How leaders use their stories of identity

How leaders use their stories of identity

People who read this blog, and many others, often send me stories. Of course, I am grateful for this, and I find many of these examples of leadership enlightening. These tales of all types of social influence often provide interesting reading.

At the present time, though, I am writing specifically about how leaders use their stories of identity to inspire those around them, and to influence their worlds. The type of story I look for is one of a leader who actively speaks of his or her life lessons, in ways that demonstrate who they are, the values they live by, and why they do things the way they do.

The distinction I make may seem small, but it is important. For me and my current book project, it is a matter of how leaders use their stories.

Of course, there are a multitude of tales of individuals, in a wide variety of fields, who are shaped by their stories and molded by their environments. We understand more about who they are when learn something of where they come from. Many take the lessons of their past and apply them to various situations and undertakings throughout their careers.

The great Italian car designer Ettore Bugatti, for instance, came from a family of celebrated artists. Rather than become an artist himself, though, he brought an artistic flair to the design and construction of automobiles. He often stated that he owed much of his ability in design to his family and his upbringing.

While I often hear or read interesting stories similar to that of Bugatti, from the famous and not so famous, the trait I have come to call “leading by autobiography” has an additional element. Leaders who truly mobilize others often do so by actively telling the stories of identity that express their life lessons, their values, their views of the future.

An example I often cite to illustrate this concept is Margaret Thatcher, who used her personal stories of identity frequently during her election campaigns–stories that demonstrated who she is, where she comes from, and what her formative years taught her.  As the daughter of middle-class shopkeepers from a small and traditional English town, Thatcher’s vision was that her own story and values could become a model to help Britain find its way again.  The virtues of self-reliance, initiative, and basic human decency that she had absorbed from her upbringing were just the remedies for what ailed her nation.

Writing in the April 1999 issue of Across the Board, Howard Gardner cites Margaret Thatcher as an example of someone who truly embodied her story of transformation. When she ran for prime minister in 1979, there was a popular consensus inside Britain that had existed since the Second World War—a consensus of powerful unions, moderate socialism, soft internationalism, and government intervention to control the “free” market.  Thatcher’s story was extraordinarily simple and powerful.  Britain had simply lost its way; the socialist consensus was wrong.

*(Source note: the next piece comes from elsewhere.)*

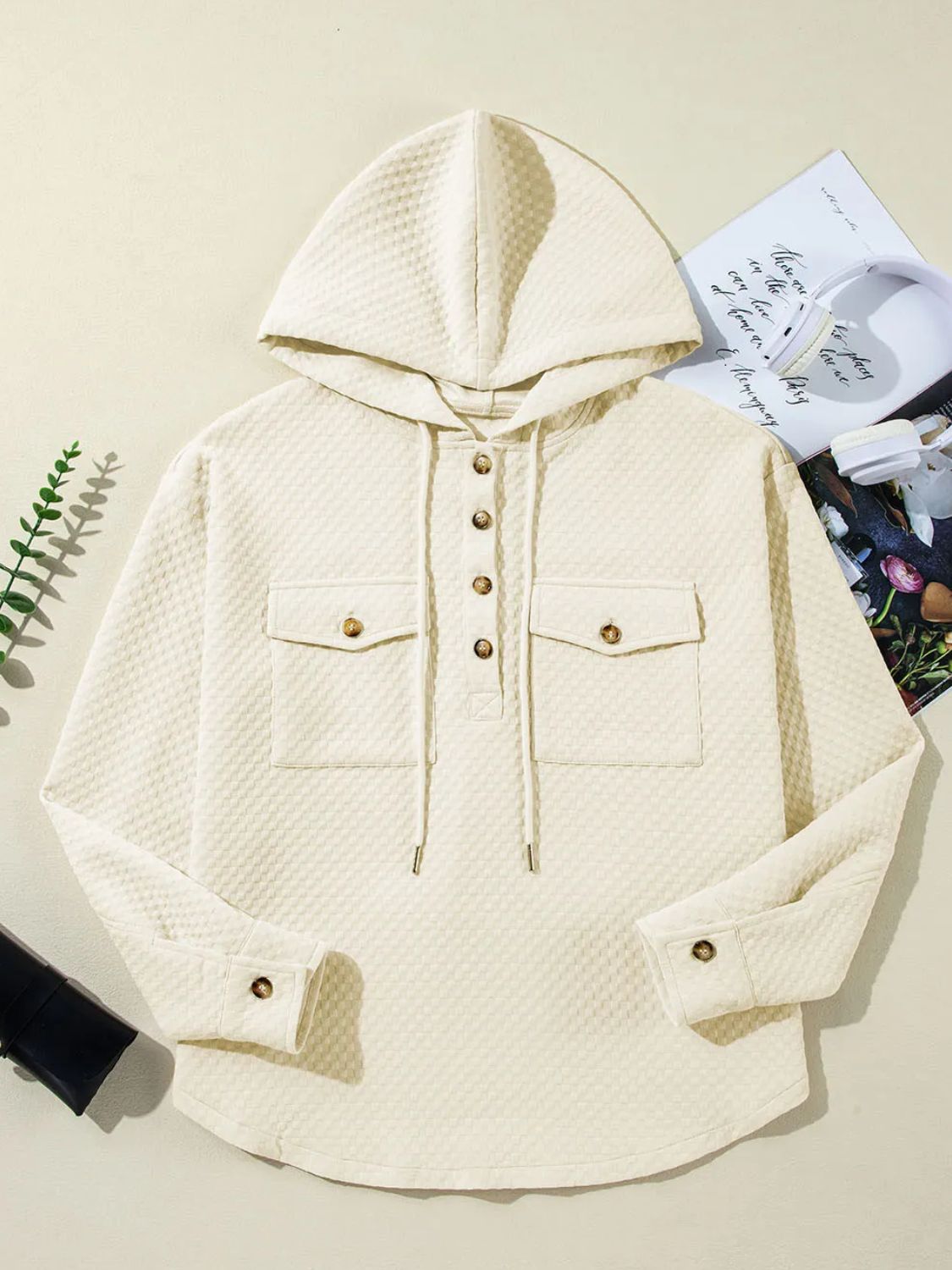 Drawstring Half Button Long Sleeve Hoodie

The story she told so brilliantly was one of a return to individual initiative, to truly free markets, to a strong and proud Great Britain. Her story was all the more effective because she appeared as a symbol—the grocer’s daughter, the self-made person, the no-nonsense, straightforward, rugged individualist—of the change she proposed for her nation.  Only such a powerful representation could defeat the entrenched post-war consensus.  Her persuasive story, and her complete embodiment of it, transformed the way her fellow citizens perceived their world and their nation.

Margaret Thatcher is a compelling case study in leading by autobiography.   Whatever one’s political views, one cannot help but admire this remarkable woman’s ability to lead by using her personal stories of identity.  In effect, Thatcher transformed a nation by presenting herself as a change agent whose personal values mirrored precisely the principles necessary for putting a “lost” Britain back on course.

After convincing the British to vote for a change of direction in government, Thatcher continuously emphasized the connection between her personal story and her story for a new Britain: “The passionately interesting thing to me is that the things I learned in a small town, in a very modest home, are just the things I believe have won the election.”  Thatcher’s stories of identity formed the foundation for her transformational leadership.

Britain’s Iron Lady is such a wonderful example of leading by autobiography because her stories of identity were so clear. As is true of many effective leaders, she processed her life experience, integrated the lessons of her past into her worldview, and expressed these lessons in the compelling stories she told to others. When the public listened to her, they understood the origin of her values and beliefs, why he did things the way she did, and where her vision for her nation’s future came from.